What is needed: Retype the listing found below exactly, but leave out each picture.

★ ★ ★ ★ ★

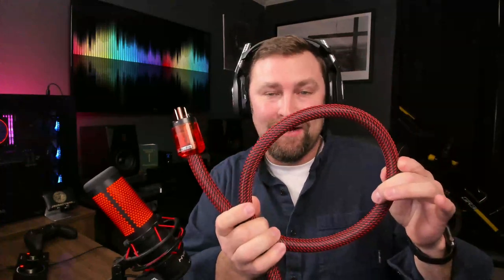Alright, here we are again. What is going on everybody? James here, your ABX audio file. Today we're going to be looking at the W Audio 3.3 feet AC power cable, 10 gauge hi-fi audiophile power cord with US plug IEC connector.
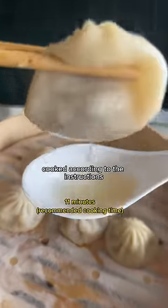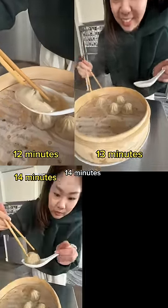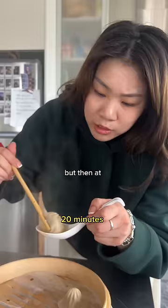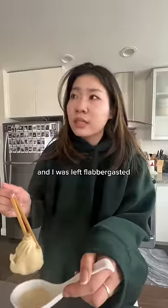Here are the dumplings cooked according to the instructions: at 11 minutes, 12 minutes, 13 minutes, 14 minutes, 15 minutes, 16 minutes, 17 minutes, 18 minutes, and at 19 minutes I really thought we were getting somewhere — but then at 20 minutes and 21 minutes they all had soup, and I was left flabbergasted.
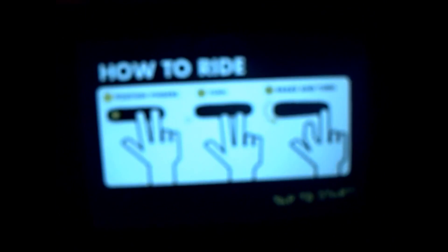You select boards, you can customise boards, then start. It has little tips on how to do tricks — this is how to ride. When you put your two fingers there you ride, you can do tricks like that, grind on stuff like that.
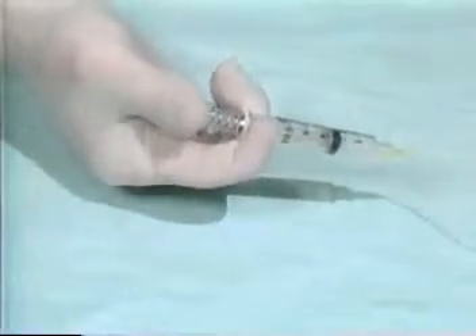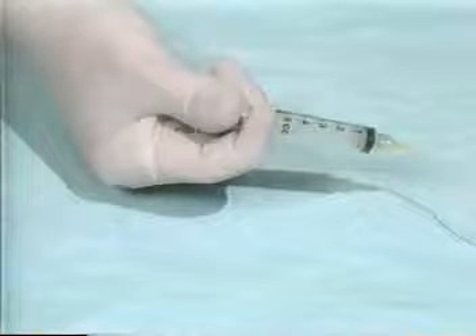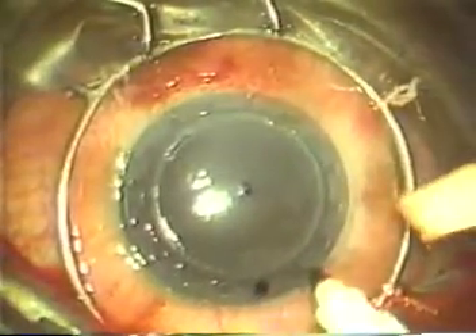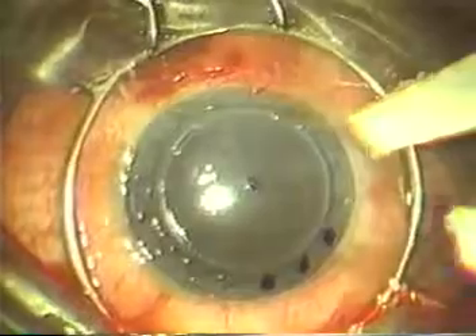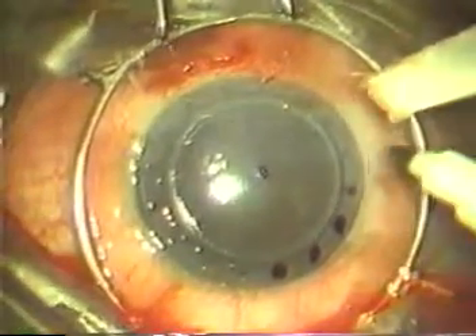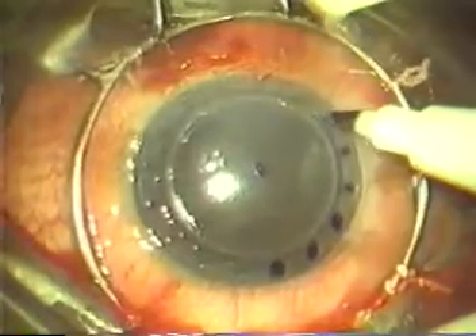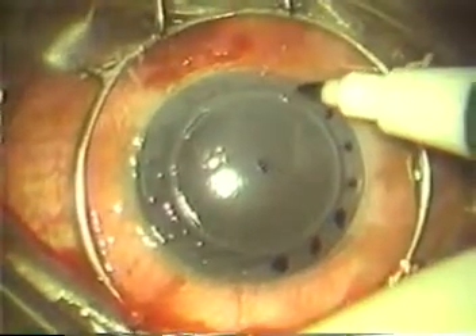After the cut has been made, the trephine is removed from the cornea by pushing the plunger of the syringe in all the way, which releases the vacuum. The anterior surface of the recipient cornea is then dried to reveal the 16 radial impressions made by the trephine, and each impression is marked with a surgical marking pin containing gentian violet ink.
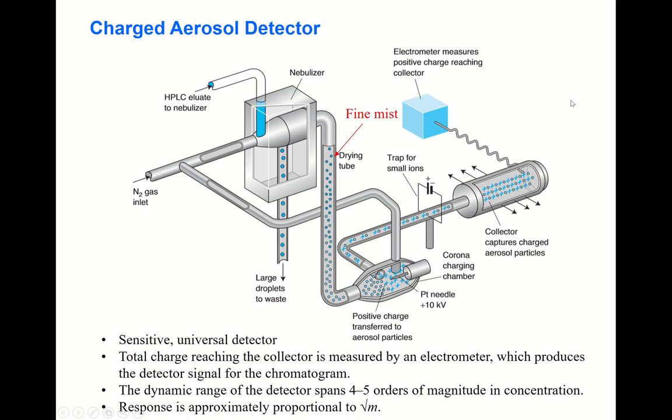Let's learn about other types of detectors. The charged aerosol detector is a very sensitive and universal detector, which means that all kinds of analytes can be detected by this means.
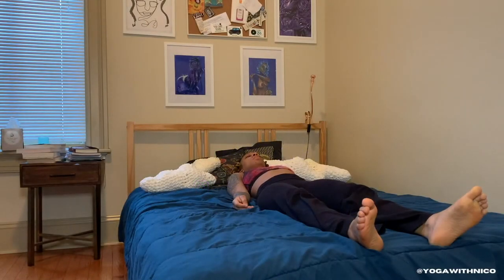Welcome back to my channel — I'm Nico. Today's practice is a 10-minute yoga practice that you can do right from your bed.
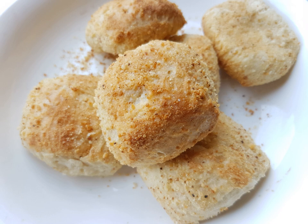In Siargao Island, which is known for its surfing tourism, an elongated oval-shaped version of the pan de sal is locally known as pan de surf, due to the similarity of its shape to a surfboard. It is baked on make-shift ovens fueled with coconut husks and is usually sold with pan de coco.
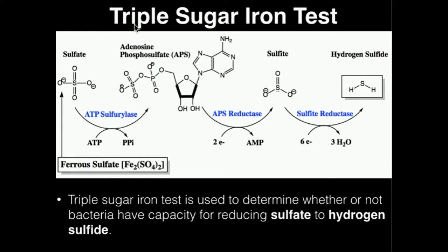My name is Kevin Tokoff and in this video we're going to discuss the theory behind the triple sugar iron test, using something called triple sugar iron agar. The triple sugar iron test is very important and very useful — it's able to do two main things which we're going to talk about.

★ ★ ★ ★ ★

Task solution:
Alright, here we are again. What is going on everybody? James here, your ABX audio file. Today we're going to be looking at the W Audio 3.3 feet AC power cable, 10 gauge hi-fi audiophile power cord with US plug IEC connector.
Here are the dumplings cooked according to the instructions: at 11 minutes, 12 minutes, 13 minutes, 14 minutes, 15 minutes, 16 minutes, 17 minutes, 18 minutes, and at 19 minutes I really thought we were getting somewhere — but then at 20 minutes and 21 minutes they all had soup, and I was left flabbergasted.
You select boards, you can customise boards, then start. It has little tips on how to do tricks — this is how to ride. When you put your two fingers there you ride, you can do tricks like that, grind on stuff like that.
After the cut has been made, the trephine is removed from the cornea by pushing the plunger of the syringe in all the way, which releases the vacuum. The anterior surface of the recipient cornea is then dried to reveal the 16 radial impressions made by the trephine, and each impression is marked with a surgical marking pin containing gentian violet ink.
Let's learn about other types of detectors. The charged aerosol detector is a very sensitive and universal detector, which means that all kinds of analytes can be detected by this means.
Welcome back to my channel — I'm Nico. Today's practice is a 10-minute yoga practice that you can do right from your bed.
In Siargao Island, which is known for its surfing tourism, an elongated oval-shaped version of the pan de sal is locally known as pan de surf, due to the similarity of its shape to a surfboard. It is baked on make-shift ovens fueled with coconut husks and is usually sold with pan de coco.
My name is Kevin Tokoff and in this video we're going to discuss the theory behind the triple sugar iron test, using something called triple sugar iron agar. The triple sugar iron test is very important and very useful — it's able to do two main things which we're going to talk about.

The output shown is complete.